EXCERPTED RECORDS Block Start
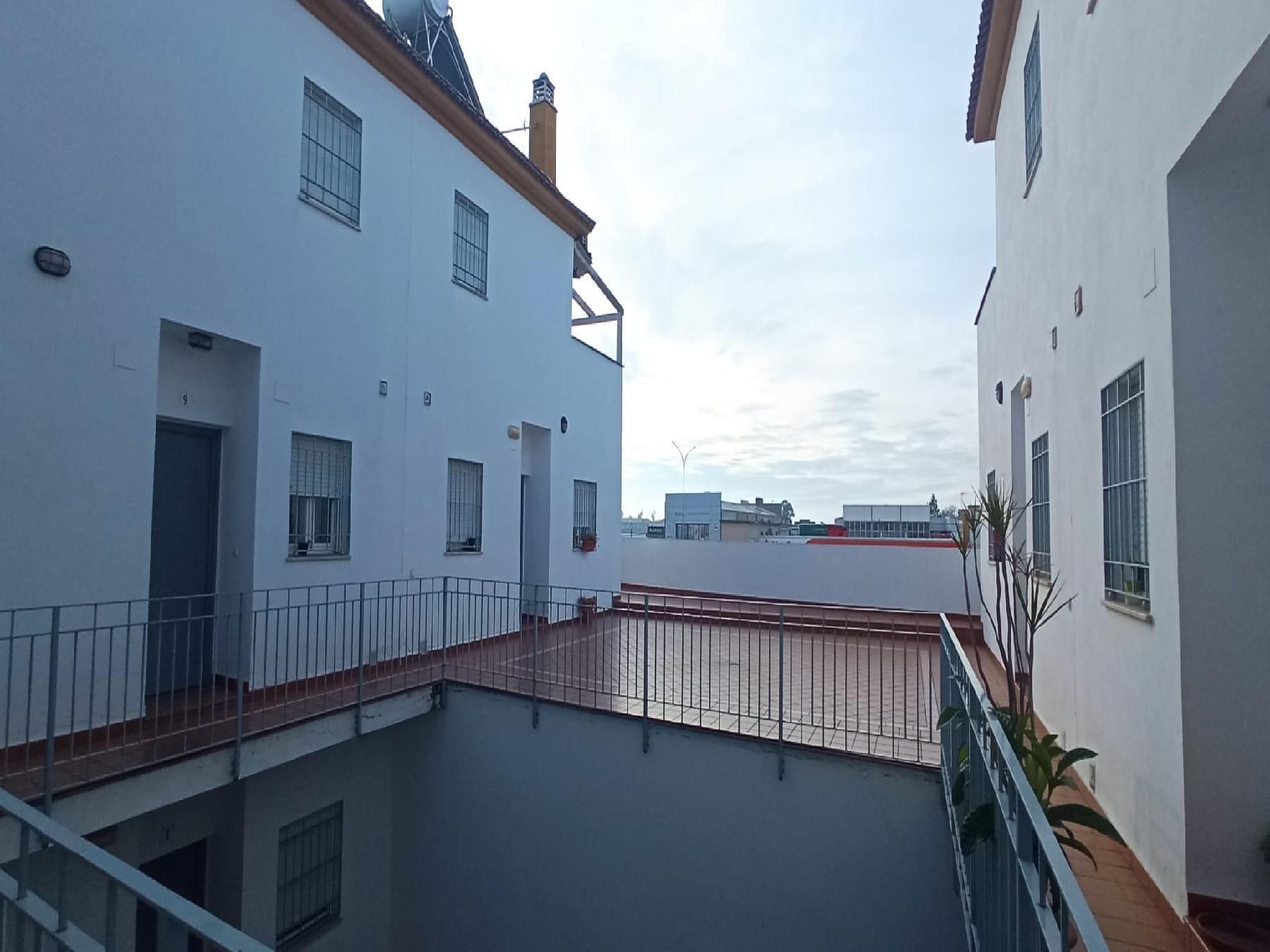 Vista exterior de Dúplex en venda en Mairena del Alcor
EXCERPTED RECORDS Block End
EXCERPTED RECORDS Block Start
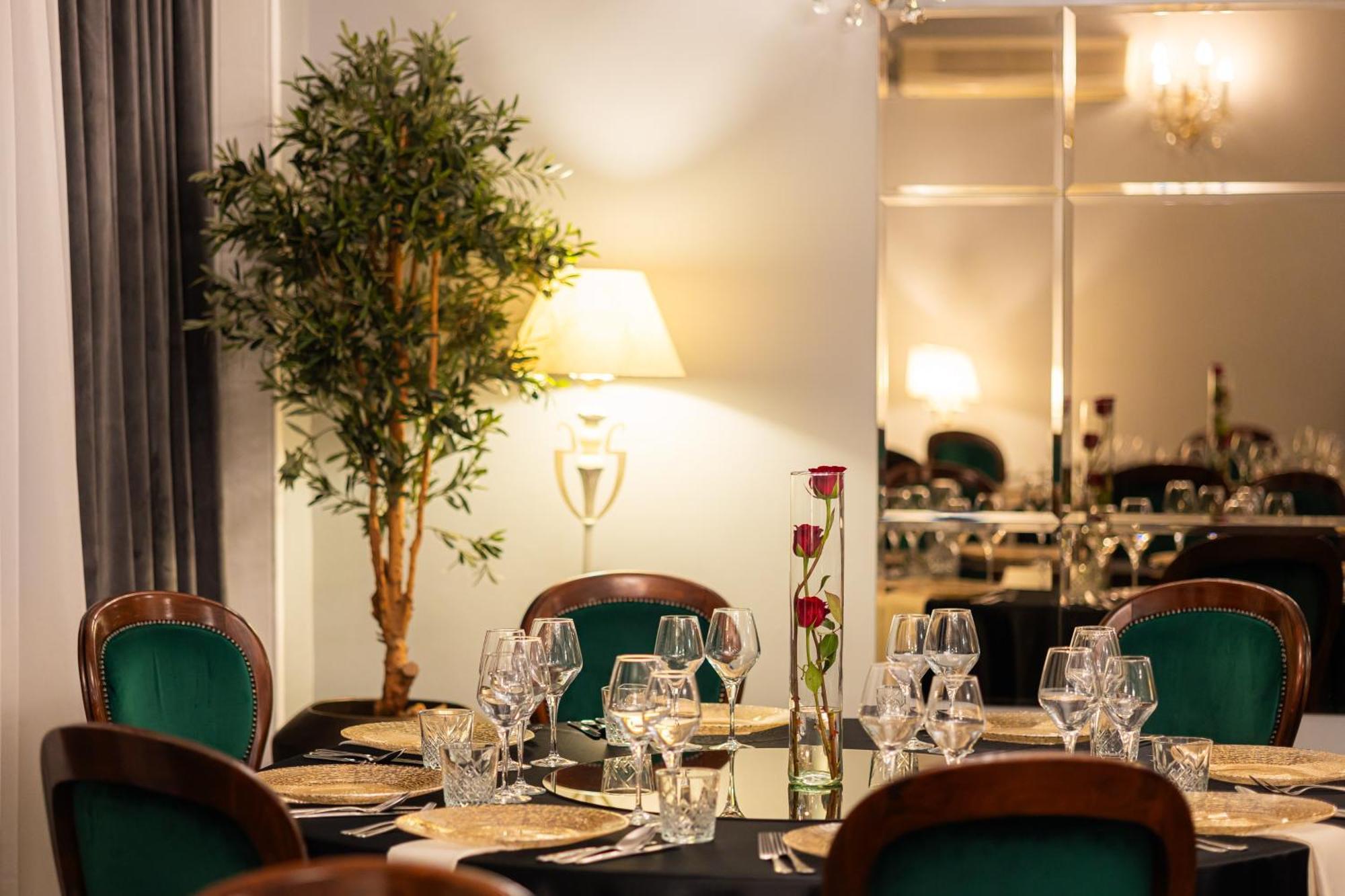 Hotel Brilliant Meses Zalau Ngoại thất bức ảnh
EXCERPTED RECORDS Block End
EXCERPTED RECORDS Block Start
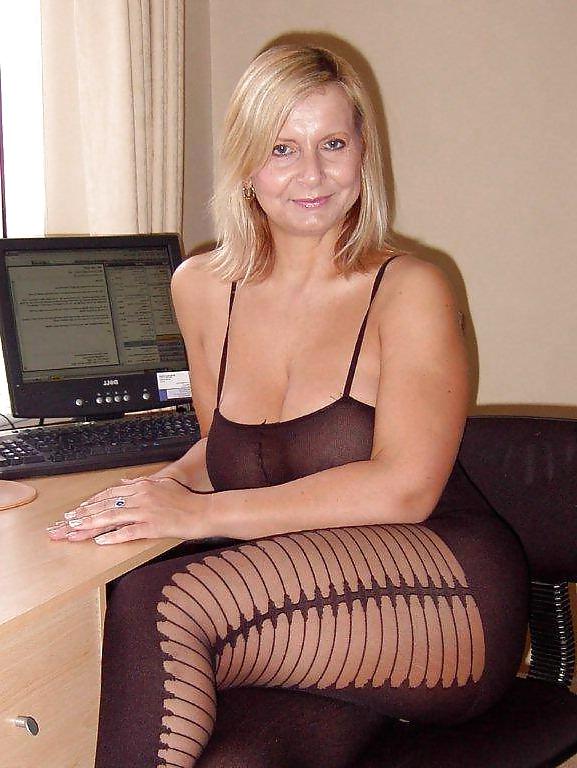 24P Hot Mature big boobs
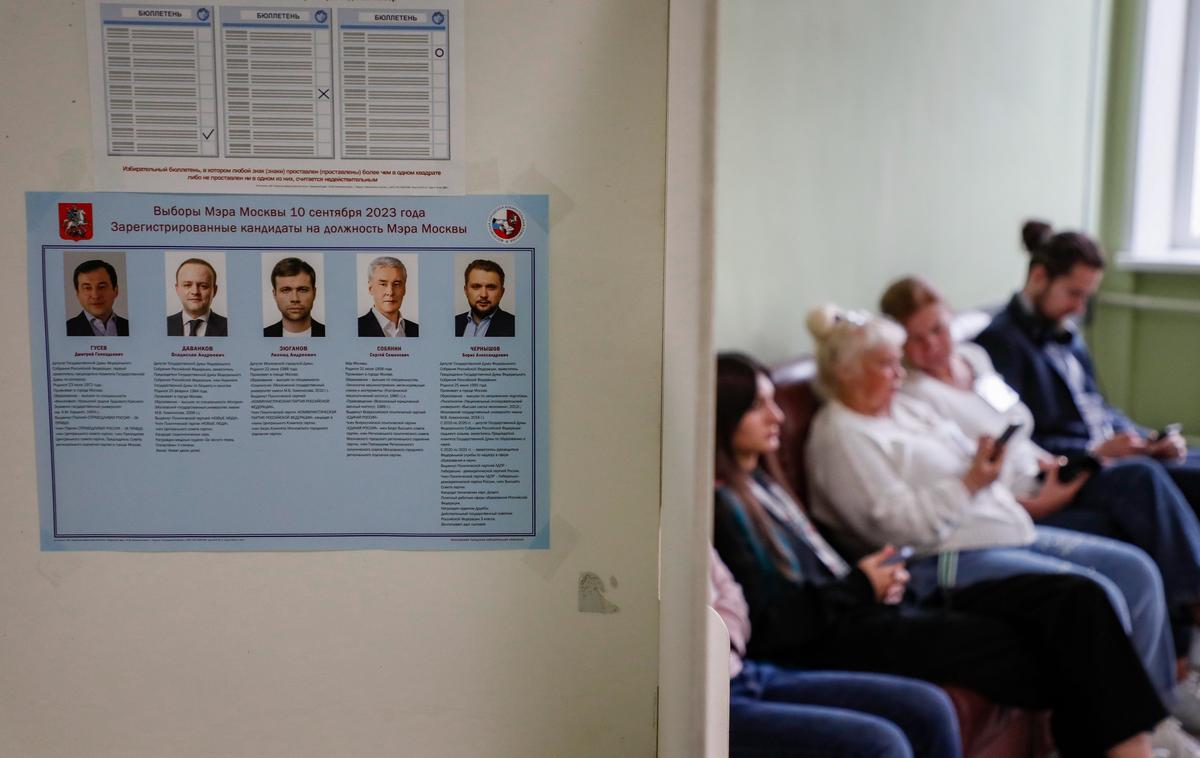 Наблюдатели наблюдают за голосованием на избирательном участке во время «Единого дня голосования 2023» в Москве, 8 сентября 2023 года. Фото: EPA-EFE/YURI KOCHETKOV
EXCERPTED RECORDS Block End
■ WORK INSTRUCTION ■
Copy only what lies between the line with "24P Hot Mature big boobs" and the line with "Наблюдатели наблюдают за", those two lines included, exactly as given above; pictures stay out.

■ RESPONSE TO THIS EXERCISE ■
 24P Hot Mature big boobs
 Наблюдатели наблюдают за голосованием на избирательном участке во время «Единого дня голосования 2023» в Москве, 8 сентября 2023 года. Фото: EPA-EFE/YURI KOCHETKOV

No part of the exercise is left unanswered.